Investing 101 // Why You Should Invest

I often hear many women in their 20’s and early 30’s say that they do not have enough money to start investing. I don’t believe it! I believe everyone has enough money to start investing as long as you make it a priority. Unfortunately, most women at this age do not make investing a priority because they don’t really understand how investing can help them in the long run.

Investing in the stock market allows you to potentially grow your money at a higher rate than a savings account. And if you can grow your money faster than a savings account can, you will have a lot more money for your various financial goals over time. But how? The answer is simple. Compounding interest will be working in your favor. The best way to explain how compounding interest works is to understand the Rule of 72. The Rule of 72 is a great financial rule of thumb that basically tells us how many years it will take to double our money given a specific interest rate. For example, if you have $10,000 and want to know how long it will take to double your money at a 2% interest rate, divide 2 into 72 and you get 36 years. If you take the same $10,000 and instead use an 8% interest rate, it will take 9 years to double your money – 72/8=9. I don’t know about you but I prefer 9 years over 36 years! The more time you have to grow your money the less money you need, because compounding interest will be hard at work for you.

But where can you get an 8% average return over time? That’s where investing comes in. There are many types of investments you can choose from including stocks, bonds, real estate, treasury bills, etc. I will explain the different types of investments in the next feature, Investing 101-Part 2, but for now let’s look at investing in stocks. In the United States we have major stock market indices, one of them being the S&P 500 Index, which is a capitalization-weighted index of 500 widely traded stocks. In other words, the S&P 500 Index is a basket of 500 different stocks from the 500 largest companies in the United States. So when you invest in the S&P 500 Index, you are buying into the 500 largest stocks in the U.S. And historically, the S&P 500 Index has had an annualized return of 9.87% (between 1926 and 2010).

If you use the Rule of 72 and invest $50 per month into the S&P 500 Index over the next 30 years, you can potentially grow your money to $96,299! If instead you just add the $50 per month into your savings account earning 1% at most, you can potentially grow your money to $20,870. HUGE difference! Which do you prefer?

Investing in things like the stock market does involve more risk including the loss of your principal investment, so you will have to do your homework and make sure you understand the ins and outs of investing. However, remember that even if you only have $50 to invest per month, by starting now you will have more time to allow compounding interest to work in your favor.

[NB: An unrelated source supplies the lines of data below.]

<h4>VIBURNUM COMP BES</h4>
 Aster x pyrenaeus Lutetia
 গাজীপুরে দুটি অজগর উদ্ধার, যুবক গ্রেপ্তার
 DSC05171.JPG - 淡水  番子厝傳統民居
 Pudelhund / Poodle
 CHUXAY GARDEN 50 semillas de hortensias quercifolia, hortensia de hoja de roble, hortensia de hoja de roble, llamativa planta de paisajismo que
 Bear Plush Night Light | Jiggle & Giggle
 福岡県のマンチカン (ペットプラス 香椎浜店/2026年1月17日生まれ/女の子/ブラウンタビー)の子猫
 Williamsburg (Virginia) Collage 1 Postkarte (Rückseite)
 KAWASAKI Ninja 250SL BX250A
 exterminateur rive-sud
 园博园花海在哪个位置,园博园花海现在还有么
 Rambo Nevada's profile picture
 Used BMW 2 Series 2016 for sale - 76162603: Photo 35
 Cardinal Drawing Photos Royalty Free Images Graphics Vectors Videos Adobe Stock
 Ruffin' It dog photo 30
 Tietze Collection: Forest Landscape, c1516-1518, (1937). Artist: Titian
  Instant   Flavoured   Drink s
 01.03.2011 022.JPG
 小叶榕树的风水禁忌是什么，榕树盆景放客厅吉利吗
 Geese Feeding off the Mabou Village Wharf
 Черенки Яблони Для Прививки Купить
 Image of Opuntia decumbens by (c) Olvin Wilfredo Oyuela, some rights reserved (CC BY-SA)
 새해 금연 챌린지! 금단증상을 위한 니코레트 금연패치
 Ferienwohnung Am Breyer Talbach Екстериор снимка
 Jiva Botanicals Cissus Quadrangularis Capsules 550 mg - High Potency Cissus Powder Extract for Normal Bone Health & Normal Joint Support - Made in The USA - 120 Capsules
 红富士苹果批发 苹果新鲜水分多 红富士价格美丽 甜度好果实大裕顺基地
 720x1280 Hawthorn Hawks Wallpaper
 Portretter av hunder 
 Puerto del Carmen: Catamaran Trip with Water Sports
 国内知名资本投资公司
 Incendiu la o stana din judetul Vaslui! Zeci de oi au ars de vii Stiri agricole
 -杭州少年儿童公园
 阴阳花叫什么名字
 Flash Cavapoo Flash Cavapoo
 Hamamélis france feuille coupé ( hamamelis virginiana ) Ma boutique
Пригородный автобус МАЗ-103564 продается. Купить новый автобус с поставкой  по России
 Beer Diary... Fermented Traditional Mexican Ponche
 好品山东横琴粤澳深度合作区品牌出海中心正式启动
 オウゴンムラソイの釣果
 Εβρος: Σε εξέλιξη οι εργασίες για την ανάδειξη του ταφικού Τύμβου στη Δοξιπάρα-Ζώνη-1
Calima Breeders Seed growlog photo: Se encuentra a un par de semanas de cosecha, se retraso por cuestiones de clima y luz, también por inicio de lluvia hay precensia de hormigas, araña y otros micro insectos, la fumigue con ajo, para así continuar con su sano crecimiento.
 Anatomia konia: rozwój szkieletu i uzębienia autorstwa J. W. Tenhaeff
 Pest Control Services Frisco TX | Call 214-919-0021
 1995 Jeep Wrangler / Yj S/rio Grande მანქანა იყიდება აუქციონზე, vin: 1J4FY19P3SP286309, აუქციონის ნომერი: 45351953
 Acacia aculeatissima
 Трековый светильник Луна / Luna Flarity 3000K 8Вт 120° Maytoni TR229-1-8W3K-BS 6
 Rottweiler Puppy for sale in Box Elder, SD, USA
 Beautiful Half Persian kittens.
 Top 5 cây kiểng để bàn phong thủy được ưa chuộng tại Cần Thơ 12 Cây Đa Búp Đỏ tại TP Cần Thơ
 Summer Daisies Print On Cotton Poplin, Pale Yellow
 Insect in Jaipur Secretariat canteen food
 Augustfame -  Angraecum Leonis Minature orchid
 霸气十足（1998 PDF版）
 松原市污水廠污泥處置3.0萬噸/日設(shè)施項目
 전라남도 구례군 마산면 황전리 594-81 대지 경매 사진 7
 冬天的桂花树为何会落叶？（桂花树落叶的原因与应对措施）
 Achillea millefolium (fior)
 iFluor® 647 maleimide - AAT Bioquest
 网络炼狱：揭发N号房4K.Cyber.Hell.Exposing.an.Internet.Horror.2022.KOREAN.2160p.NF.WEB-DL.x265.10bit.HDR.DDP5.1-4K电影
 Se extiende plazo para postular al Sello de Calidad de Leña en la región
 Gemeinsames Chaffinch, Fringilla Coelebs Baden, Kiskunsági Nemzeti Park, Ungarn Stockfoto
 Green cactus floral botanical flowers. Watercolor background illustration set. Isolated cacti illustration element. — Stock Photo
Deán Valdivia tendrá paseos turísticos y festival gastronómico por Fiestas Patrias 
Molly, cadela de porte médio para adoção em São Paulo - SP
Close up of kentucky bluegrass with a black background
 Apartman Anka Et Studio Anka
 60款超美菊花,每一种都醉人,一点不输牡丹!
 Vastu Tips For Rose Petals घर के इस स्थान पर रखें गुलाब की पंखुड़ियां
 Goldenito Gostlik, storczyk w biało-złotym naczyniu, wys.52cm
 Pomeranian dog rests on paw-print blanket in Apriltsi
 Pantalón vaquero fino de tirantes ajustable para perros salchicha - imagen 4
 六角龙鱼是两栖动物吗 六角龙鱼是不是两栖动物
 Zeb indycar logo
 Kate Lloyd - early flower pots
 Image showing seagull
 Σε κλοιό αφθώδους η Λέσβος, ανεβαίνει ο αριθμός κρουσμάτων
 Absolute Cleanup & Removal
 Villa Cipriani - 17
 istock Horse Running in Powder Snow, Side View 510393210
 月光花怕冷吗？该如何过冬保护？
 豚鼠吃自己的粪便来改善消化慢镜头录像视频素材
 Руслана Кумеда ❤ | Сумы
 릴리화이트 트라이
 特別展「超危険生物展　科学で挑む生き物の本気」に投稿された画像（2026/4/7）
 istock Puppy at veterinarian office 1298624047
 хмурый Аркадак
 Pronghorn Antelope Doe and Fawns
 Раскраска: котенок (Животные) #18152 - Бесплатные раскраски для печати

I challenge you to find the $50 in your monthly spending plan and start investing now. Having trouble finding $50 to invest? Read my article The Everygirl Budgets for more tips and resources on budgeting.

Stay tuned for Investing 101 // Part 2 next month when I explain the different types of investments and what you need to do to start investing in the stock market.

*The rule of 72 is a mathematical concept and does not guarantee investment results nor functions as a predictor of how an investment will perform. It is an approximation of the impact of a targeted rate of return. Investments are subject to fluctuating returns and there is no assurance that any investment will double in value.  This is a hypothetical example and is not representative of any specific situation.  Your results will vary.  The hypothetical rates of returns used do not reflect the deduction of fees and charges inherit to investing.  The S &P 500 is an unmanaged index and cannot be investing into directly.  Past performance is no guarantee of future results. 

The opinions voiced in this material are for general information only and are not intended to provide specific advice or recommendations for any individual.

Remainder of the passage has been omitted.